Accelerated Tables allow batching Data Tables row updates, deletes, and adds, which can make a big difference for performance when you’re doing many data tables operations. (Every round-trip to the database takes around 0.03s, and increases in transaction execution time are multiplied by increasing the likelihood of conflicts triggering one or more re-tries of the entire transaction.)

But rewriting code to take advantage of these batching abilities can be detrimental to code quality (as well as time-consuming). It recently hit me that (at least for my use cases) it’s possible to instead create a wrapper for anvil.tables that batches these operations automatically inside transactions, increasing performance without any code modifications (other than importing auto_batch.tables in place of anvil.tables).

For example, instead of...

import anvil.tables as tables

@tables.in_transaction
def demo():
    rows = tables.app_tables.table_2.search()
    with tables.batch_update:
        for row in rows:
            if row['text'] == "1":
                row.update(text="2")
    with tables.batch_delete:
        for row in rows:
            if row['text'] != "1":
                row.delete()

you could get the same performance with:

from auto_batch import tables

@tables.in_transaction
def demo():
    rows = tables.app_tables.table_2.search()
    for row in rows:
        if row['text'] = 1:
            row.update(text="2")
        else:
            row.delete()

Would others be interested in something like this? I don’t have it set up to share quite yet, but expressions of interest would help me get across the finish line to doing that.

meredydd · June 26, 2024, 1:24pm

Honestly, this is something we would love to have first-party support for, and if I could wish upon a star I would wish your wrapper implementation could be evolved into a PR against the official implementation.

Something like:

with anvil.tables.auto_batch:
    rows = tables.app_tables.table_2.search()
    for row in rows:
        if row['text'] = 1:
            row.update(text="2")
        else:
            row.delete()

You could reuse a bunch of the machinery for the existing batching system - possibly it would be as simple as “automatically flush any pending batch operations before every operation that might read the DB, then flush again at the end of the context handler”.

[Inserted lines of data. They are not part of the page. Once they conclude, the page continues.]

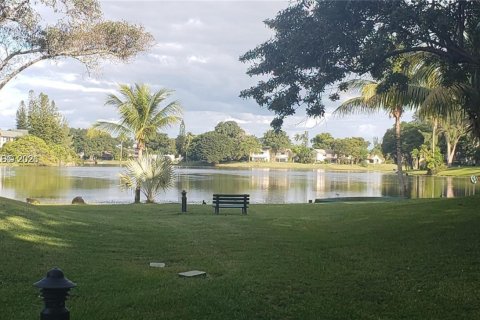 Adosado en venta en Lauderhill, Florida, 2 dormitorios, 133.41 m2 № 2001486 - foto 14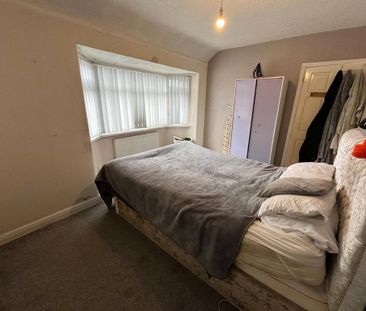 3 bedroom terraced house to rent - Photo 6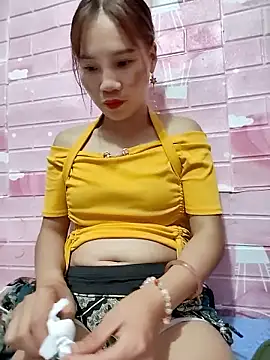 Snapshot of Ruby_Lucy chatting on 03/28/26, 12:39 Ruby Lucy online show from 03/28/26, 12:39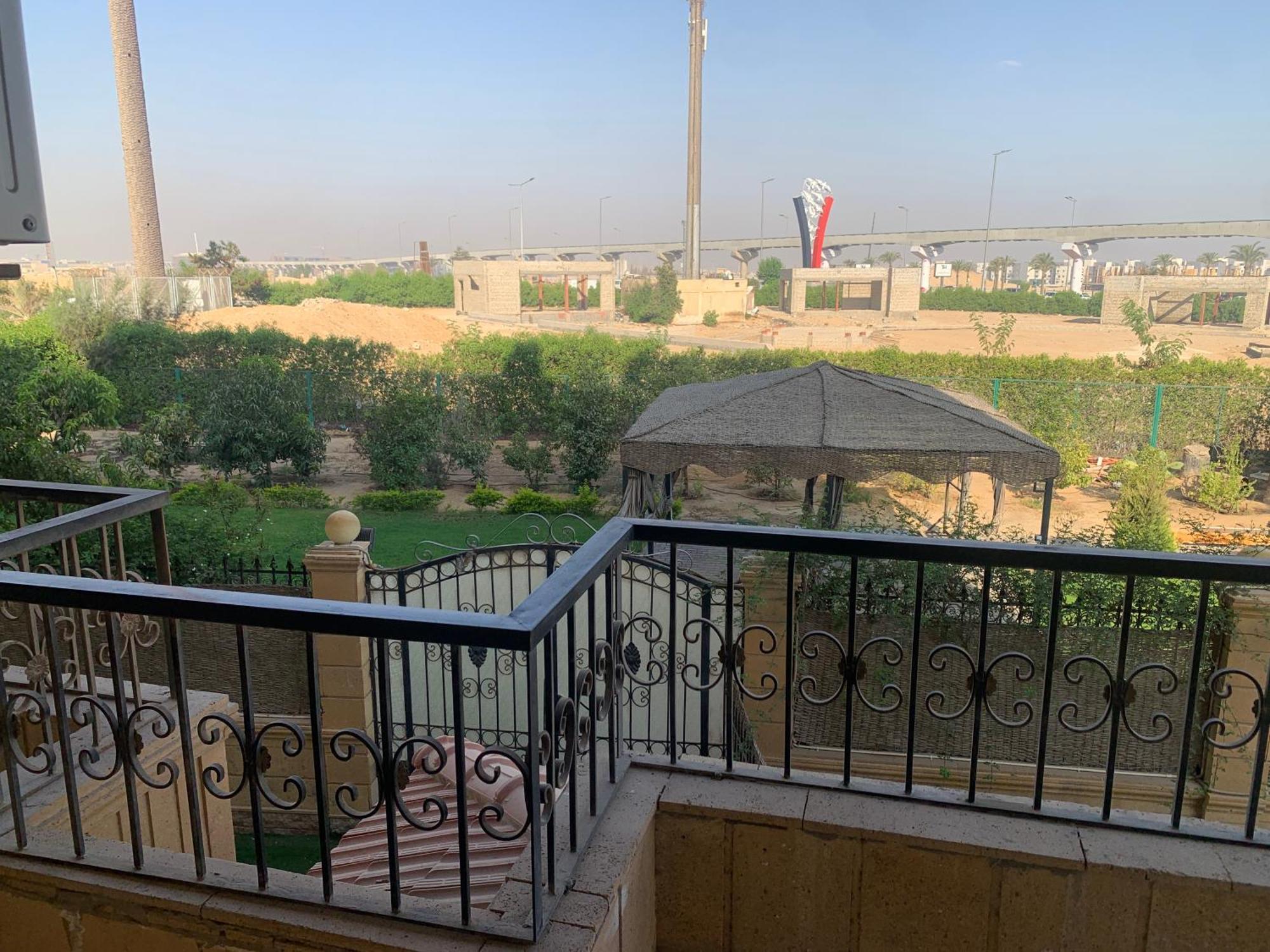 Luxury Apartments Beside Mall Of Arabia And Dar Al-Fouad Hospital - Families Only- No Alcoholic Beverages Місто ім. 6 Жовтня Екстер'єр фото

hugetim · June 26, 2024, 4:43pm

Your wish is my…shared wish.

Yes, that’s how I have mine working, though I have also had to reinvent various wheels, doing it as an add-on.

Here’s what I have at this point, only for use on the server side as yet: GitHub - hugetim/auto-batch: AutoBatch - Built with Anvil I hope to take a crack at an anvil-runtime PR, but I would also welcome someone else to take it on, if you get to it before me.

hugetim · June 26, 2024, 4:48pm

Is there ever a reason to not auto_batch a transaction? I’ve been thinking not, since the database updates only take effect at the end of the transaction anyway, but my working model of how this stuff works could be way off.

stucork · June 27, 2024, 1:41am

Just as another option, if separating batch_updates and batch_deletes is an issue
have you thought about doing


with batch_delete, batch_update:
    ...

and you could write a context manager to combine these

# only on the server
from contextlib import contextmanager

@contextmanager
def auto_batch():
    with batch_delete, batch_update:
        yield


with auto_batch():
    ...

hugetim · June 27, 2024, 2:16pm

Oh, ok, thanks! I wouldn’t have guessed that those could be combined, but I can imagine how that works now.

hugetim · December 9, 2024, 11:32pm

You can now try out auto-batch as a third-party dependency, with token PKF2MZRQMPCXFWNE. I’ve also added some initial docs at https://github.com/hugetim/auto-batch (and labeled the current code v0.1).